Solo ora realizzai che l'unica cosa che aveva sempre fatto Noora era quella di azzerare la sua mente e il suo cuore per preoccuparsi degli altri, di me, proprio come io facevo con lei. Non c'era spiraglio di luce che parlava di sé, della sua vita, dei suoi problemi. Chiudeva le porte di sé stessa con così tanta facilità da perdere il filo che conduceva alla porta del suo cuore, chiusa da chissà quanto tempo e che neanche il mio, di cuore, era riuscito ad aprire. Noora si annullava completamente a me. Ed io non mi ero mai annullata a lei completamente. «Perché parli così?»
Noora serrò le labbra, evitando il mio contatto visivo. «Perché è la verità, Anaïs.» Parlò con durezza, quasi con disprezzo. Qualunque cosa non volesse dirmi, l'aveva segnata nel profondo. «Non ne vado fiera.» Commentò, poi, abbassando lo sguardo.
Pensai a quante volte lei era stata premurosa con me, a quanto fosse stata paziente ad aspettare una mia risposta certa per quanto riguarda il nostro rapporto, a quanto fosse stata gentile a non pressarmi per raccontarle la mia storia. Io stavo facendo tutto il contrario, invece, e mi sentii all'improvviso egoista. «D'accordo, d'accordo. Scusami.» Le presi una mano. «Non volevo agire così.» Cercai di non farmi prendere e dominare dalla fretta di voler sapere ogni cosa, dal nervosismo di non sapere niente. Ero a conoscenza del fatto che mi stessi affacciando io su di lei e non più lei su di me. Ero consapevole che stavo avendo a che fare con un altro lato di Noora che mi era totalmente estraneo. Dovevo andarci piano. Non dovevo agire per me, ma per lei e fu in quel momento che pensai di potercela fare, che, in fondo, non eravamo per niente diverse.
Quando arrivammo alla sua destinazione, mi lasciò un bacio sulla guancia e mi disse che ci saremmo riviste il giorno dopo.
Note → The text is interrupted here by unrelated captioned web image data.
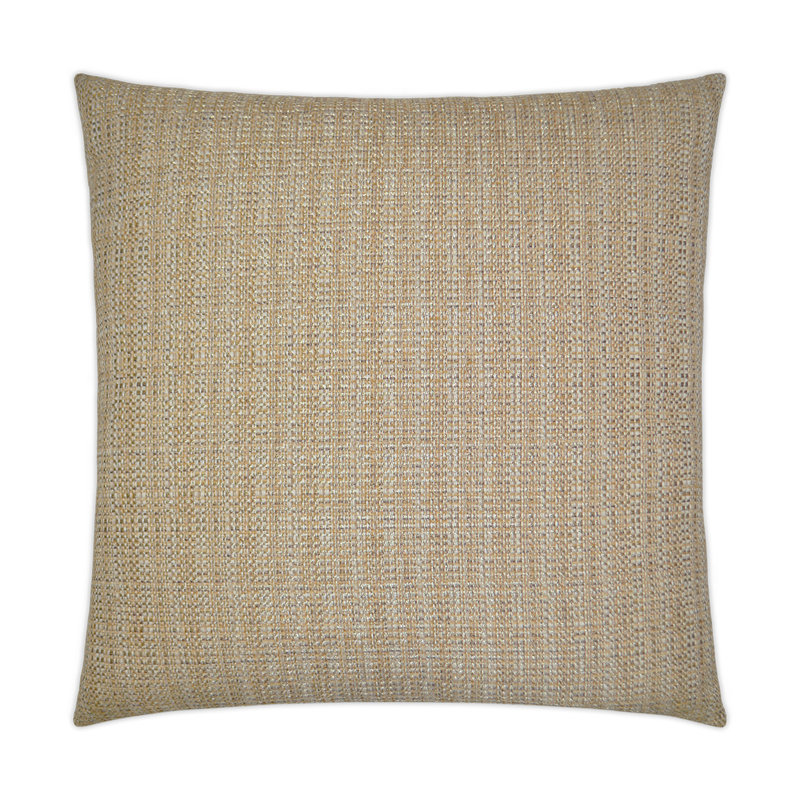 Jackie O Reversible Throw Pillow, Sisal, Square 22"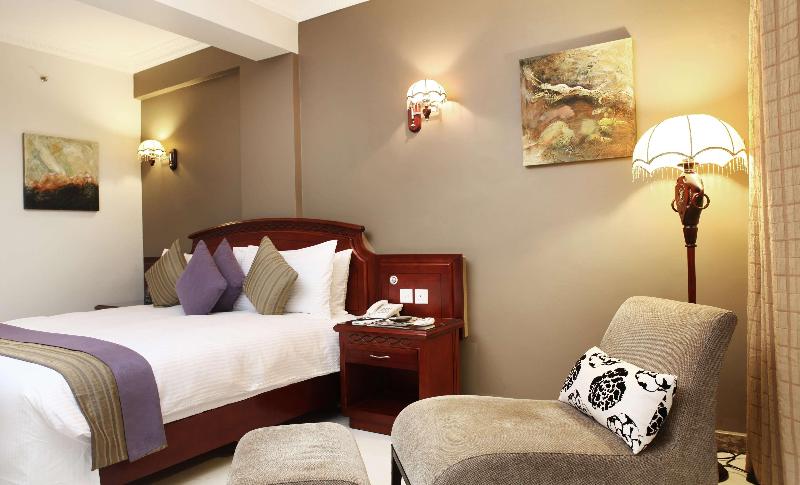 اتاق اجرایی با تخت بزرگ, Doubletree By Hilton Hotel Shanghai   Pudong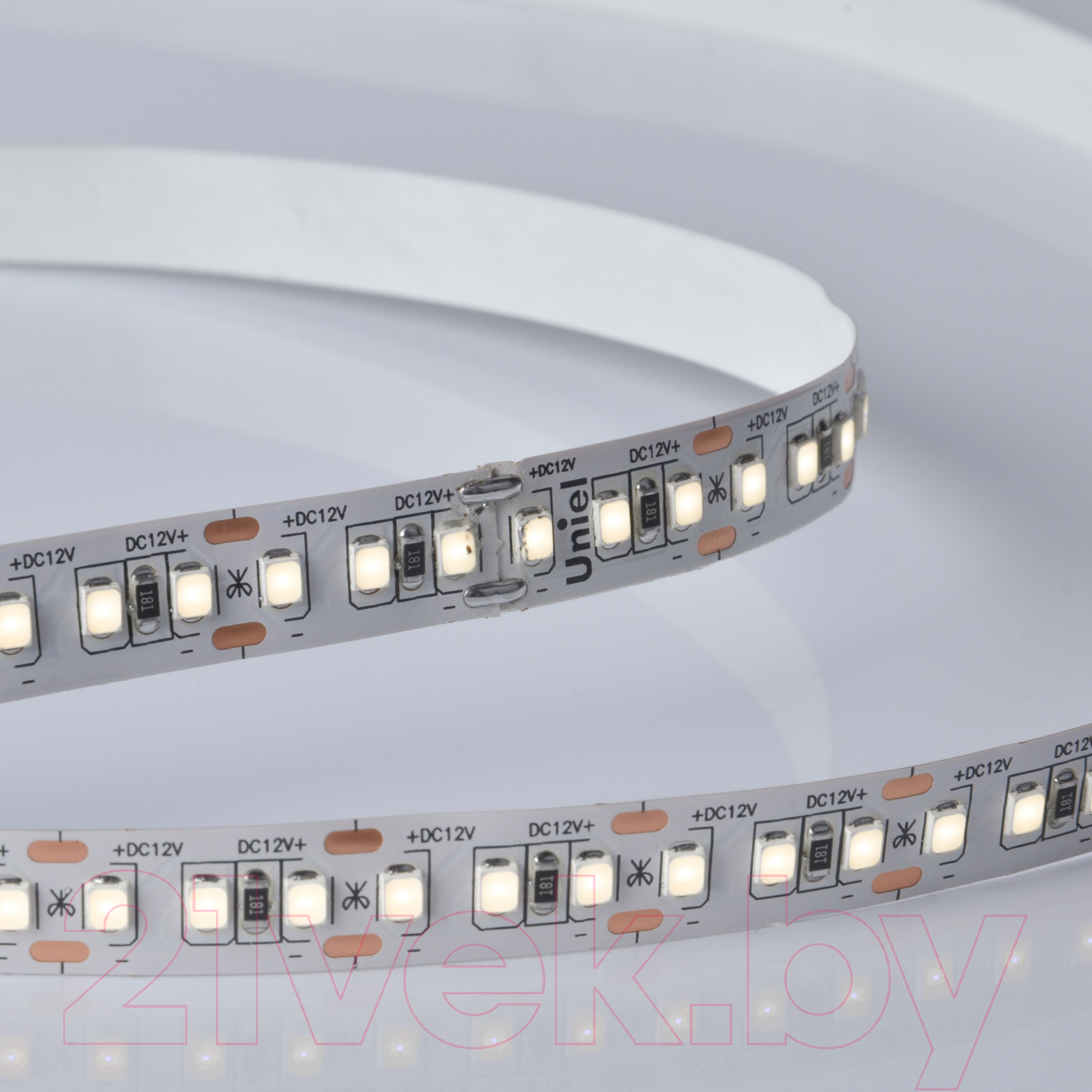 Светодиодная лента Uniel ULS-M14-2835-168LED/m-10mm-IP20-DC12V-14W/m-5M-4000K UL-00004366 — фото 3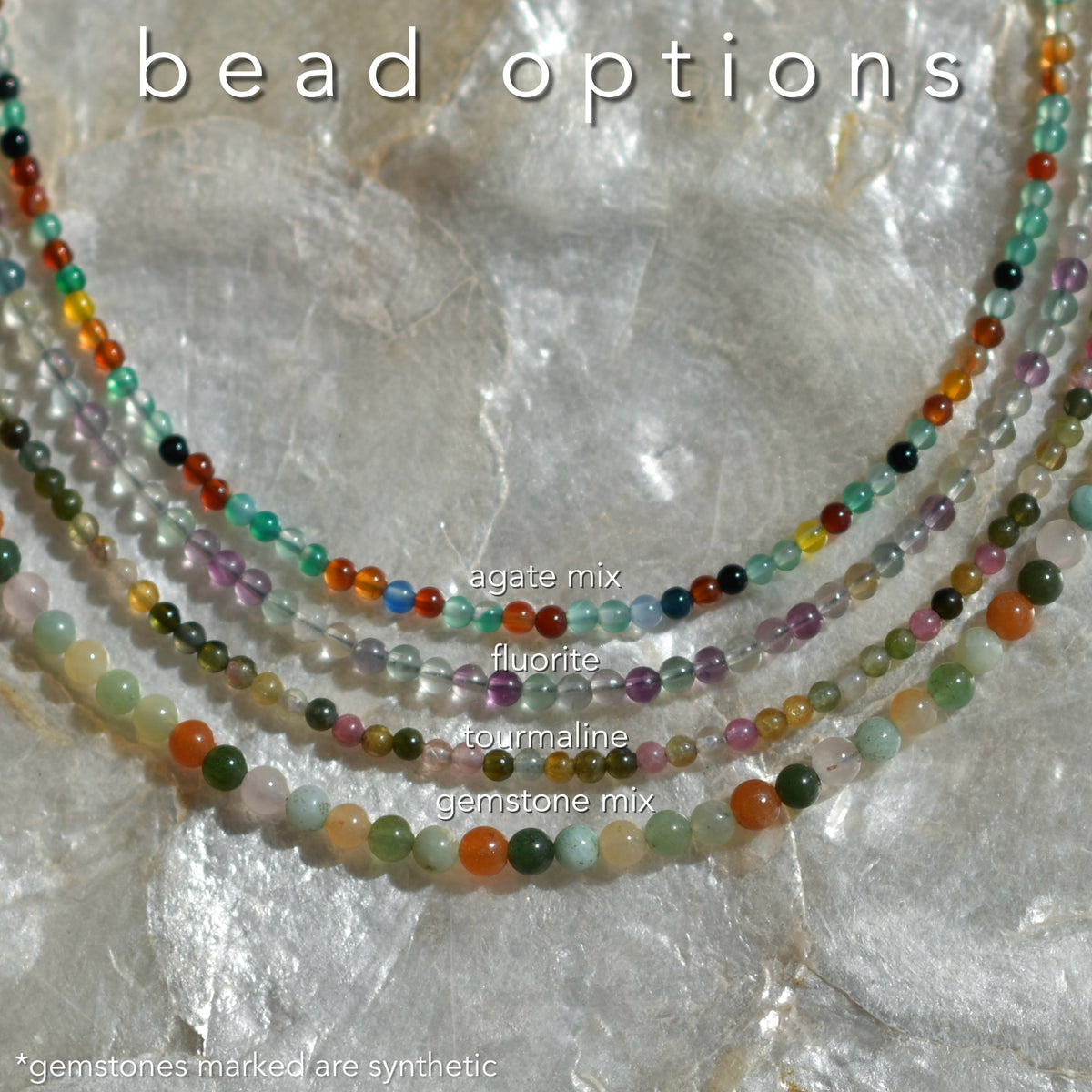 Dainty Beaded Gemstone Bracelet/Anklet
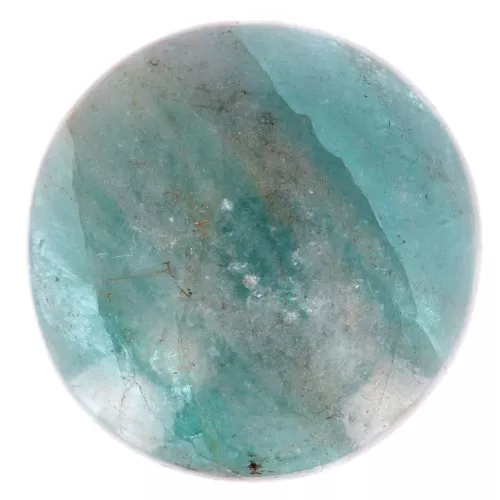 Cabochon rond 12 mm en pierre gemme - Apatite x1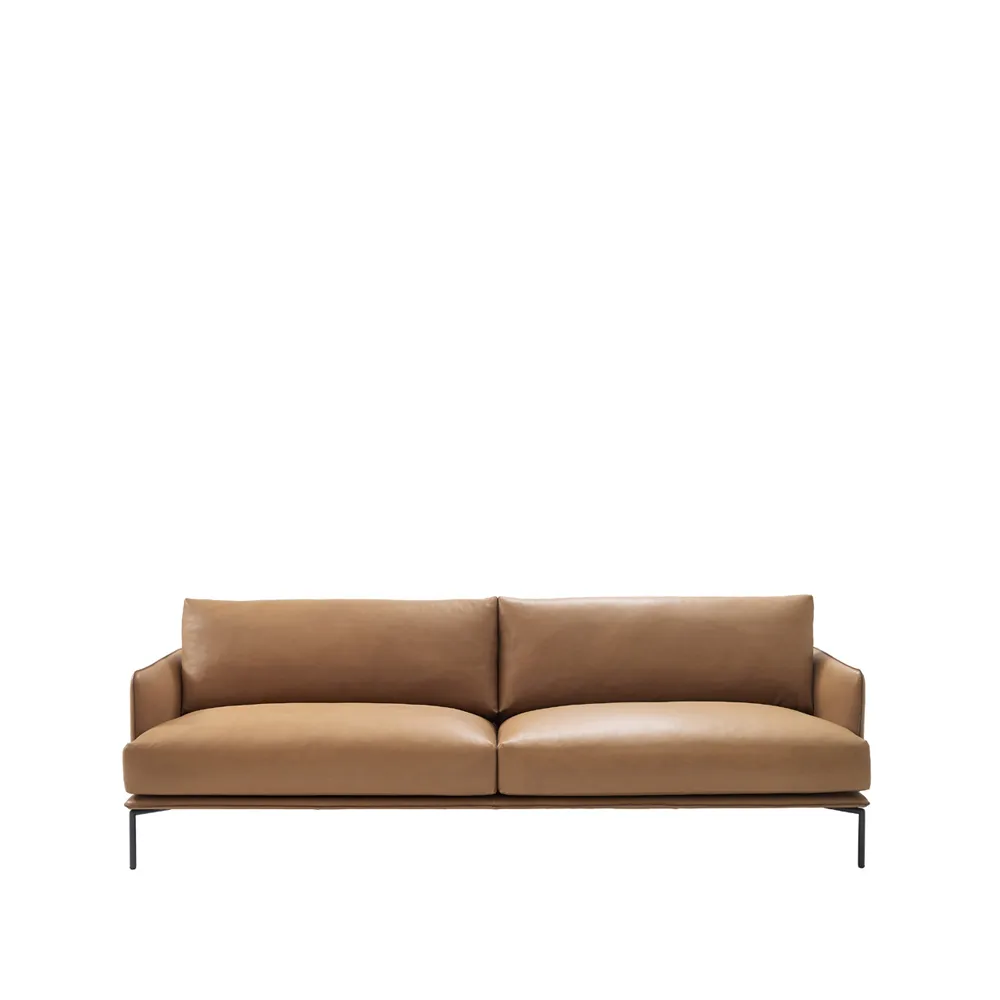 Baron soffa 3-sits, läder master 53 whiskey, 210 cm Adea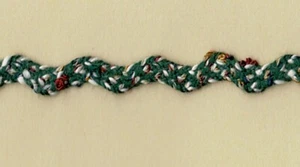5 Yards 1/4" Loden, Multicolor Ric Rac Trim 27117L - Picture 1 of 2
Pensai a lei per tutto il tragitto che mi divideva dalla mia fermata. Pensai a lei quando entrai nella macchina di mio zio che era appena rientrato dal lavoro. Pensai a lei quando aspettai la cena sul divano del salotto, davanti la TV accesa e troppo rumorosa.
Pensai a lei quando andai a dormire.
Pensai a lei durante i miei sogni.
Pensai a lei anche a scuola, quando mi aveva detto che ci saremmo riviste lì, ma Noora, quel giorno, scomparve.